P14088 [ICPC 2023 Seoul R] Fraction

A basic fraction can be represented by three integers $(a,b,c)$ which denotes $a+\dfrac{b}{c}$ where $1\le a,b,c\le 9$. An extended fraction has the form of $(a',b',c')$ where $a'$, $b'$ and $c'$ may be integers between one and nine or other extended fractions. Note that a basic fraction is also an extended fraction, and the length of the fraction is finite. Given an extended fraction, we want to express its value as irreducible fraction. For example, the irreducible fraction of $((1\ 2\ 4)(5\ 2\ 3)(4\ 3\ (2\ 7\ 3)))$ is as follows. $$\left(1+\dfrac{2}{4}\right)+\cfrac{5+\cfrac2 3}{4+\cfrac 3{2+\cfrac 7 3}}=\dfrac {991} {366}$$ Given a string form of an extended fraction, write a program that converts the extended fraction into the irreducible fraction.

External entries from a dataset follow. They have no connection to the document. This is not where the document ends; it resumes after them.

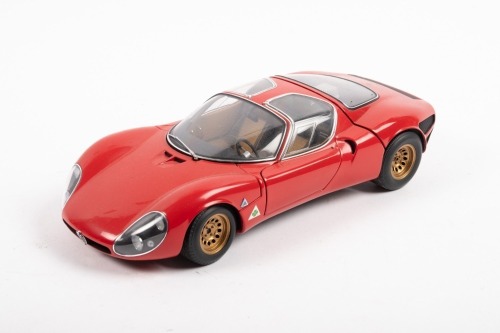 ALFA ROMEO: A highly detailed Autoart 1:18 scale 1967 Alfa Romeo 33 Stradale Prototype model in red paintwork, with opening features [Location: Melbourne]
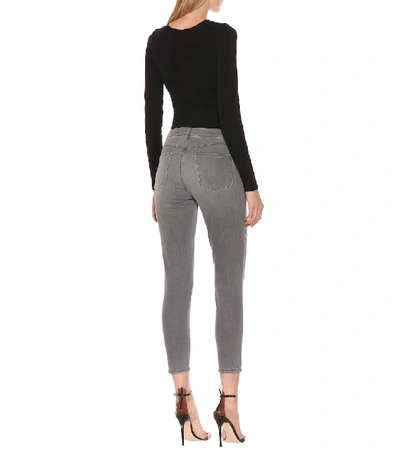 Shop J Brand 835 Cropped Mid-rise Skinny Jeans In Grey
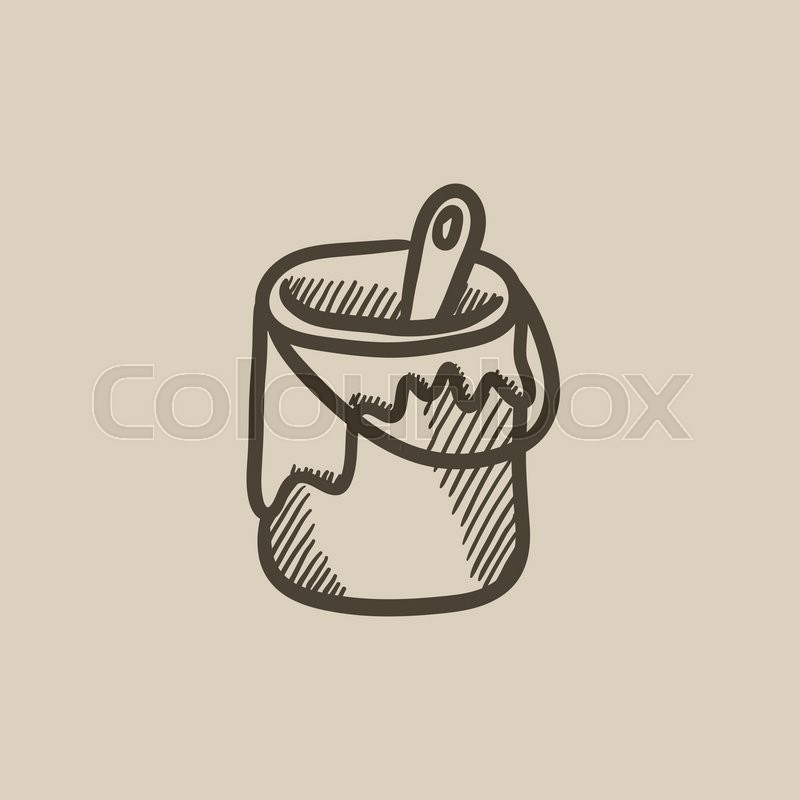800x800 Paint Brush In The Paint Tin Vector Sketch Icon Isolated On - Paint Brushes Sketch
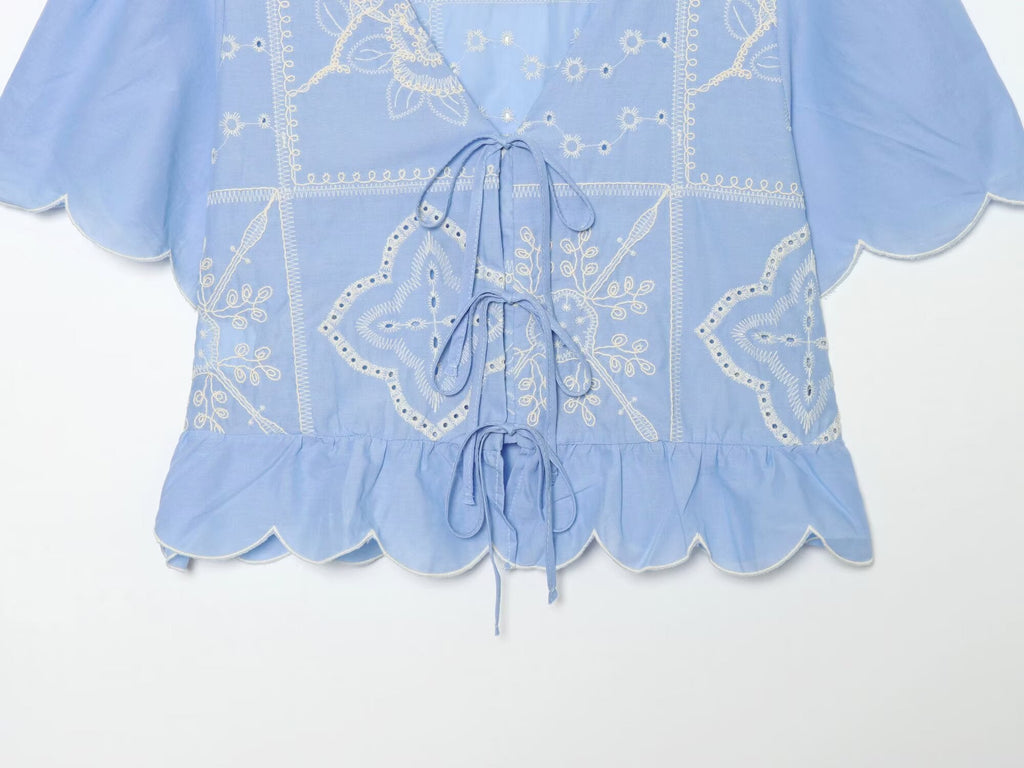 Women's bow decoration hollow embroidery shirt
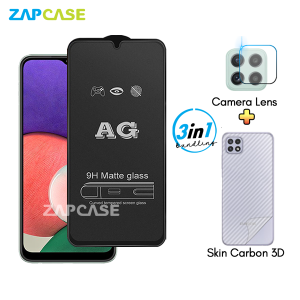Samsung A22 5G PAKET 3in1 Tempered Glass Anti Glare Free Camera Lens dan Skin Carbon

Your program is to read from standard input. The input starts with a line containing one integer $n$ ($2 \le n\le 100$), where $n$ is the number of symbols which are parentheses and digits between $1$ and $9$. The second line contains symbols, separated by a space, which represent an extended fraction.

Your program is to write to standard output. Print exactly one line. If the answer is $x/y$ the line should contain two integers $x$ and $y$, which are relatively prime to each other. Otherwise, (for example, when the input is not valid) print `-1`. You will need 64-bit integers to get the correct answer.